The Beatles were first introduced to the most common drug of the early sixties, marijuana, by Bob Dylan. All four smoked and saw the drug as little more than alcohol for partying. However, once George Harrison and John Lennon were given LSD at a dinner party one night, their lives changed forever.

They had such a trip that they wanted to experience it again – and felt that the band needed to revolutionize their music. Though Ringo Starr was willing, Paul McCartney held off and did not try it until quite a while later.

The perfect example of their psychedelic rock entries is the classic Revolver in 1966. Their experimentation on that album – the stuff that was NOT too out there to include – was groundbreaking and put the emotions of the people who were trying Acid and LSD like candy into songs.

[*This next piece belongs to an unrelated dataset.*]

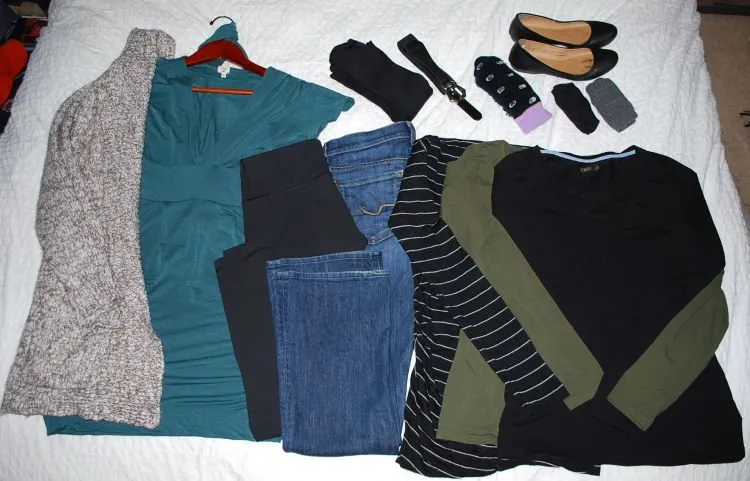 Biar Nggak Dibilang Pakai Baju Itu-itu Aja, 10 Trik Ini Patut Kamu Coba 11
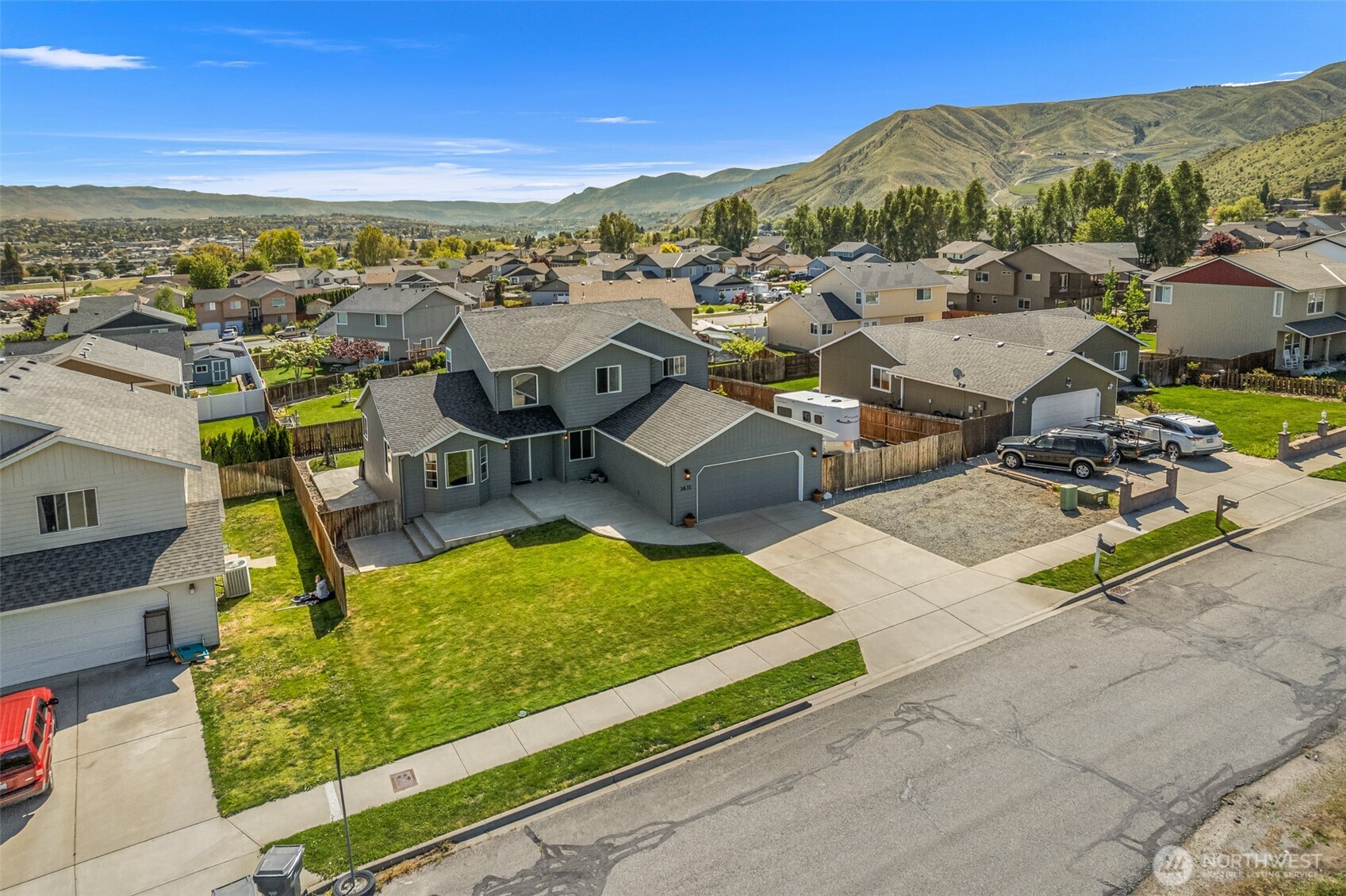 1631 Fuller Street Wenatchee, WA 98801 - Photo 2 of 37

With the haunting vocal effect of Lennon’s voice echoing on a rotating microphone ending the final song on the album Tomorrow Never Knows, it was a solid entry into psychedelic music’s evergrowing field that would define the 1960s.

Bringing In Heavy Metal

Though there are some definite harder metal records in the late sixties for the group, Lennon said their first heavy metal song was from their 1965 album Help! It was the off-beat song entitled Ticket To Ride. McCartney has also stated that he feels that this song is the beginning of their trip to the harder side of rock.

Included in that harder genre is not only heavy metal but also psychedelic rock. When their self-titled album, a two-disc record better known as The White Album, introduced a new entry into a hard rock known as heavy metal.

Yes, there are plenty who will throw up their hands and close out the browser, but please know – this is not an endorsement agreeing with Sir Paul McCartney that The Beatles invented heavy metal. Nor is it a statement detracting from that. There is little doubt that Helter Skelter was one of the first popular heavy metal songs.

The second real heavy metal song put out by The Beatles was also on the much-underappreciated track with Why Don’t We Do it in the Road? This may be described by many as proto-metal. Still, with the heavy bass, heavier drums, and McCartney’s undeniable screaming rock-n-roll lyrics, there is no denying that these two songs were early famous heavy metal tracks and helped to shape the genre.

So many more

Though there are more – so many more – genres that could define The Beatles’ growth over time, these are the most definitive that once introduced to the group’s songs would stay and evolve with them over their all too short time together.

To Sum Up

The Beatles fall under the classic Rock umbrella but it is clear that they were much more than this and had many influences throughout their song writing career.

It is probably not fair to say that they created certain sub genres but it is more accurate to say that they played their part in helping to create them along with many other bands of the time.

To be a musician is to be creative whilst sticking to a set of rules about how songs should be created, but as we all know rules are there to be broken and The Beatles certainly did break these rules on occassion but also had the sense to create commercial hooks that people would remember.

Especially in their early days of writing John and Paul really knew how to craft a 3 minute radio friendly song with memorable hooks and this certainly led to them having a lot of early hits which in turn gave them a lot of attention.

This attention and expectation led to Beatlemania which eventually led to the band stopping touring. This in turn caused the band to explore their music outside of their classic 3 minute radio friendly song routine which led them down the multi genre paths as shown above.

It is true to say that other musicians (such as Eric Clapton) for example had a huge influence on The Beatles, their own personal lives and the culture surrounding them also played a influential role in their head space when exploring new ways to craft songs.